Die Konzertreihe „EM4 | Berliner Studios“ nimmt sich vor, neue Kooperationsformen zwischen den Hauptzentren elektroakustischer Musik in Berlin zu erkunden. Drei der vier beteiligten Partner – die Universität der Künste, die Hochschule für Musik Hanns Eisler, und die Technische Universität – sind Lehreinrichtungen mit der Fachrichtung Elektroakustische Musik. Sie bieten einander ergänzende Lehrangebote an und verfügen über elektroakustische Studios, mit denen sie ihren Lehr- und Forschungsbedarf abdecken.

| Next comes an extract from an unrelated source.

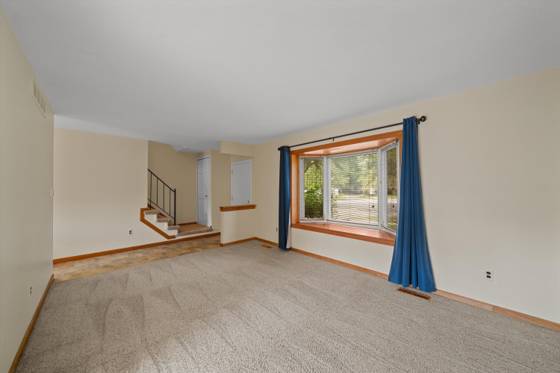 9231 Abbey Lane, Ypsilanti, MI 48198 photo 4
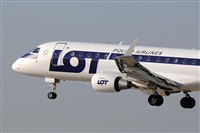 Adolfmalet-Spotters Barcelona-El Prat. Click to see full size photo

Mit dem Studio für Elektroakustische Musik der Akademie der Künste als Gastgeber finden sich die vier Berliner Studios zwei Mal pro Semester am Hanseatenweg zusammen. Die Treffen sollen einen gemeinsamen Rahmen für den Ideenaustausch bilden und der Öffentlichkeit eine Möglichkeit geben, Themen und Methoden der Studios kennenzulernen. Die Konzerte zeichnen sich durch ein breit angelegtes Programm aus, in dem Klassiker aus den Repertoires ebenso wie Werke junger Komponisten zur Aufführung gebracht werden und ein Dialog mit Gastkünstlern angestoßen wird.

Bislang gab es vier Konzerte in der Reihe „EM4“, bei denen Musik von so unterschiedlichen Komponisten wie Luc Ferrari, Roberto Gerhard, David Behrman und Gottfried Michael Koenig aufgeführt und kommentiert wurde. Die jüngste EM4-Ausgabe am 25. Mai 2016 wurde durch das Elektronische Studio der TU Berlin präsentiert und war den Edgard-Varèse-Gastprofessoren gewidmet.